Primeiro, eu gostaria de fazer uma aproximação entre o acervo que tem lá e é muito rico com o de outros espalhados por Minas Gerais, como o Acervo de Escritores Mineiros da UFMG, o Museu Casa de Alphonsus de Guimarães, em Mariana, e o acervo de Murilo Mendes em Juiz de Fora. 

Você já deve conhecer um pouco das preciosidades da biblioteca da AML. O que já capturou sua atenção por lá?

Sim, para eu fazer o meu discurso de posse, eu precisei olhar para o trabalho dos antecessores da minha cadeira. E me chamou muita atenção os escritos do poeta Austen Amaro (1901-1991), que tem um poema, chamado “Juiz de Fora”, publicado com desenhos de Pedro Nava, que é muito interessante. Este é um poema de 1926. E acho que é um livro que merece ser retomado, porque ele ficou um pouco apagado desde então. Outro que me atraiu bastante foi o um livro de Avelino Foscolo (1864-1944), “A Capital”, que é o primeiro romance ambientado em Belo Horizonte. Ela ainda estava em construção quando foi escrito. Avelino é uma figura muito interessante. Ele foi artista de circo e publicou outros trabalhos também que eu vejo a possibilidade até de dar origem a uma coleção.

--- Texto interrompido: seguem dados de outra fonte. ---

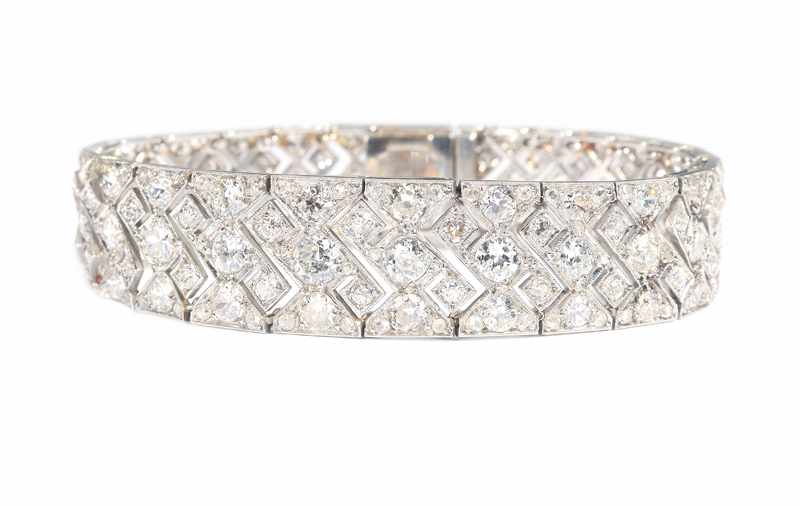 Appraisal: An early Art Deco diamond and platinum bracelet Circa platinum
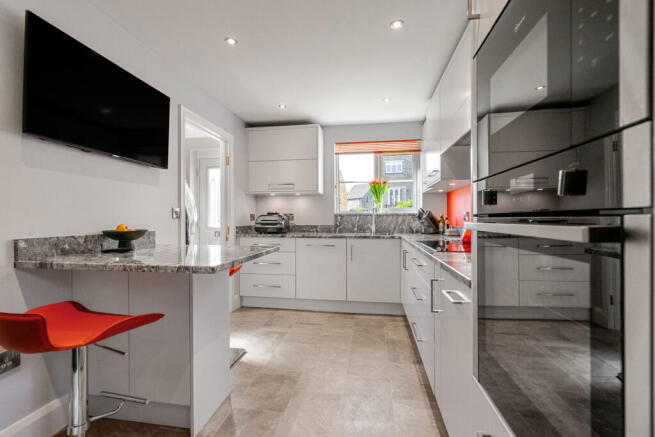 4 bed Detached for sale Image 7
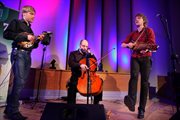 Anders Löfberg – wiolonczela, Magnus Zetterlund – mandolina oraz Erik Rydvall – nyckelharpa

Acho que há um grande potencial de textos ali que podem ser reeditados. 

Como você percebe a atuação da AML?

Eu acho que, desde as últimas gestões, principalmente as duas últimas, houve uma abertura muito grande da academia para a cidade. Têm sido realizados muitos eventos que são interessantes para os estudantes, para os jovens e para qualquer pessoa que se interesse por literatura. Como alguém da área de letras, eu acho que esse é um passo muito importante e revela uma proposta da Academia Mineira de Letras de se conectar cada vez mais com a comunidade local.